According to a further aspect of the present invention there is
provided a method of tuning a microstrip filter of the kind having
a planar electrically-conductive region on the surface of a
dielectric substrate, the frequency of tuning of the filter being
measured, and a part at least of the surface of the filter being
coated with a predetermined number of layers of dielectric material
of predetermined thickness so as to reduce the frequency of tuning
to a desired value.
According to yet another aspect of the present invention there is
provided a method of manufacture of a microstrip device including
the steps of forming a planar electrically-conductive region on the
surface of a dielectric substrate, the frequency of tuning of the
device being measured and a part at least of the surface of the
device being coated with a predetermined number of layers of
dielectric material of predetermined thickness so as to reduce the
frequency of tuning to a desired value.
A plurality of layers may be coated on the surface, and the
dielectric material may be a paint or ink. The or each layer is
preferably applied to the surface by a silk-screen process, and the
or each layer may be applied to substantially the entire
surface.
According to an additional aspect of the present invention there is
provided a microstrip device tuned or made by a method according to
any of the above aspects of the present invention.

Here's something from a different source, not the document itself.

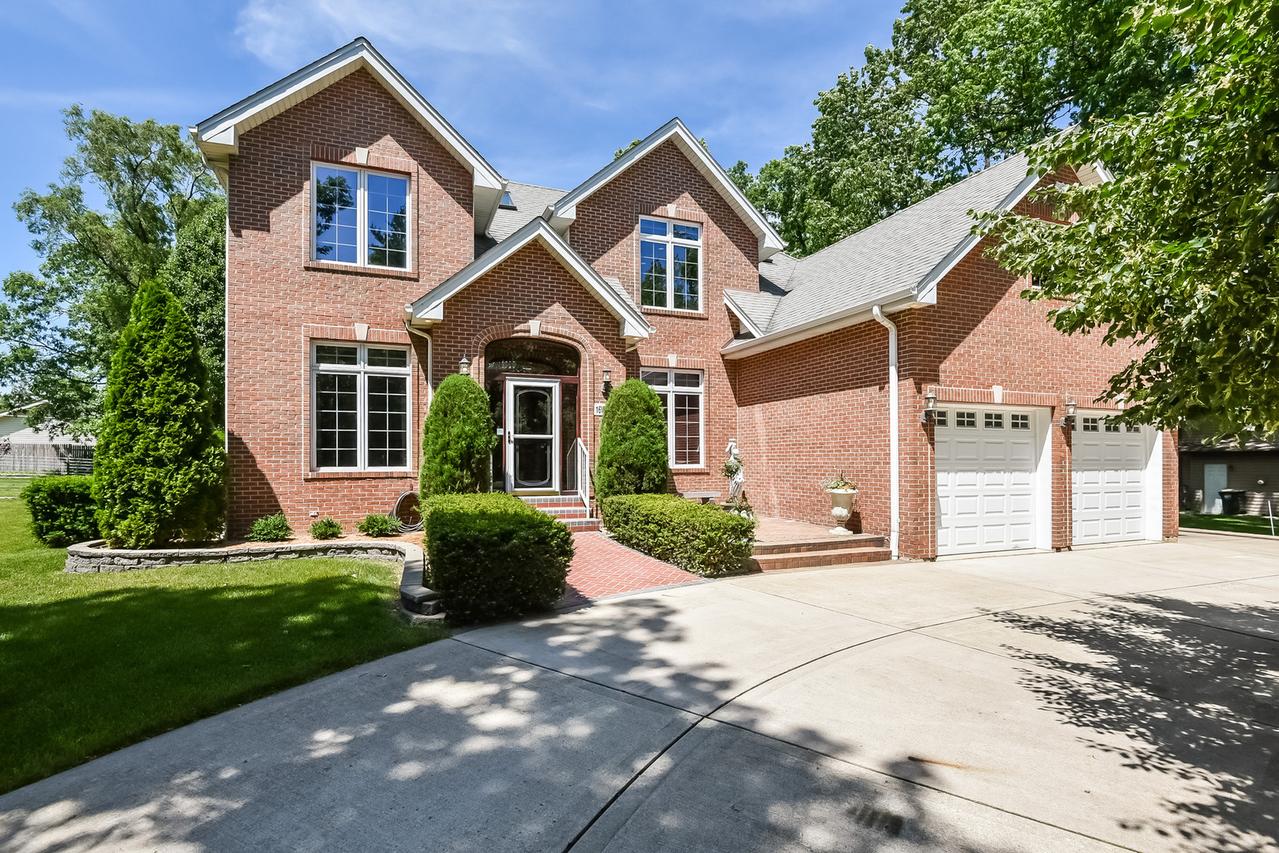 16W280 95th Pl., Burr Ridge, IL 60527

According to another aspect of the present invention there is
provided a microstrip device having a planar
electrically-conductive region on the surface of a dielectric
substrate and a predetermined number of layers of dielectric
material of predetermined thickness on a part at least of the
surface of the device, the number of said layers being selected to
reduce the frequency of tuning of the device to a desired
value.
According to another aspect of the present invention there is
provided a microstrip antenna having a planar
electrically-conductive region on the surface of a dielectric
substrate and a predetermined number of layers of dielectric
material of predetermined thickness on a part at least of the
surface of the antenna, the number of said layers being selected to
reduce the frequency of tuning of the antenna to a desired
value.
According to another aspect of the present invention there is
provided a microstrip filter having a planar
electrically-conductive region on the surface of a dielectric
substrate and a predetermined number of layers of dielectric
material of predetermined thickness on a part at least of the
surface of the filter, the number of said layers being selected to
reduce the frequency of tuning of the filter to a desired
value.
A planar microstrip antenna and filter for an aircraft radar
altimeter system and a method of tuning and manufacturing such an
antenna and filter, according to the present invention, will now be
described, by way of example, with reference to accompanying
drawings.
BRIEF DESCRIPTION OF THE DRAWINGS
FIG. 1 shows the antenna and the altimeter system
schematically;
FIG. 2 is a partly cut-away plan view of the front surface of the
antenna;
FIG. 3 is a cross-sectional elevation through the antenna along the
line III--III of FIG. 2, and
FIG. 4 is a plan view of an antenna and a filter.
DETAILED DESCRIPTION
With reference to FIG. 1, there is shown an aircraft radar
altimeter system including a transmitting antenna assembly 1 and an
identical receiving antenna assembly 2 bolted to the underside of
the aircraft fuselage 3. A transmitter/receiver unit 4, mounted in
the aircraft, supplies microwave signals along the line 5 to the
transmitting antenna assembly 1, and receives, on line 6 signals
from the other antenna assembly 2 in accordance with the microwave
energy reflected to the receiving assembly from the ground beneath
the aircraft. By measurement, in the usual way, of the time
interval between transmitted and received signals, the unit 4
calculates the height of the aircraft above ground and supplies
suitable signals to an altimeter indicator 7 in the aircraft
cockpit.
The transmitting and receiving assemblies 1 and 2 will now be
described in greater detail with reference to FIGS. 2 and 3. The
assemblies 1 and 2 each have a rigid aluminum backing plate 10 of
generally rectangular shape, with rounded ends. The plate 10 is 148
mm long by 77 mm wide and is provided with countersunk holes 11 at
its ends for use in mounting the assembly. The plate is about 9 mm
thick over most of its length, the central region being cut away on
the front surface to form a central recess 12 about 90 mm long that
is of reduced thickness. The region of the holes 11 is also of
reduced thickness. The central recess 12 receives the antenna array
board 20, the forward surface 21 of which is flush with the exposed
surface at the ends of the backing plate 10.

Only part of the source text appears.